While, therefore, there are neither novel social advantages nor any emotional urgency, nor yet intellectual inducements, to persuade women to marry, there are other circumstances which urge her strongly not to do so. In the first place, marriage may interfere directly with the life career which she has planned for herself. A woman who has taken an occupation to save herself from misery looks on marriage with a man who earns enough to support a family as a sort of salvation; while the woman who has chosen some calling because her life means so much more if it is useful to the world, who is earnestly devoted to her work, truly ambitious and thoroughly competent, ponders a long time before she goes into a marriage which necessarily puts an end to all this. She may well prefer to sacrifice some sentimental inclination to the profound interest she feels in her work.
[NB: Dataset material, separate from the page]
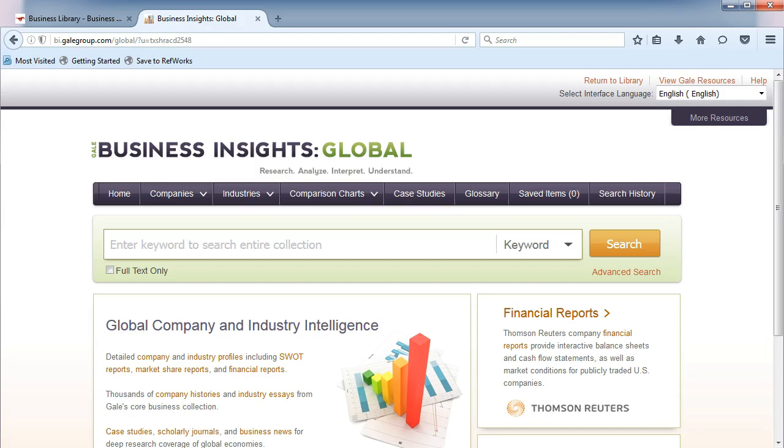In the last video, we searched on a company. We can also find industry reports by searching on an NAICS code or keyword.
The American girl is, moreover, not fond of domestic cares. It would not be fair to say that she is a bad house-keeper, for the number of wives who have to get along without servants is much greater than in Germany. And even in spite of the various economic advantages which she enjoys, it is undeniable that the American woman takes her home duties seriously, looks after every detail, and keeps the whole matter well in hand. But nevertheless, she feels very differently toward her capacities along this line. The German woman feels that her household is a source of joy; the American woman, that it is a necessary evil. The American woman loves to adorn her home and tries to express in it her own personality, not less than her German sister; but everything beyond this—the mere technique of house-keeping, cleaning, purchasing, repairing, and hiring servants—she feels to be, after all, somewhat degrading. The young woman who has been to college attacks her household duties seriously and conscientiously, but with the feeling that she would rather sacrifice herself by nursing the suffering patients in a hospital. The perfect economic appliances for American house-keeping save a great deal of labour which the German wife has to perform, and perhaps just on that account the American woman feels that the rest of it is vexatious work which women have to do until some new machines can be devised to take their places. This disinclination to household drudgery pervades the whole nation, and it is only the older generations in country districts that take a pride in their immaculate house-keeping, while the younger generations even there have the tendency to shirk household work. The daughters of farmers would rather work in a factory, because it is so much more stimulating and lively, than ironing or washing dishes or tending baby brother and sister at home; for the same reason, they will not become domestic servants for any one else. And so, for the upper and the lower classes, the disinclination to house-work stands very much in the way of marriage.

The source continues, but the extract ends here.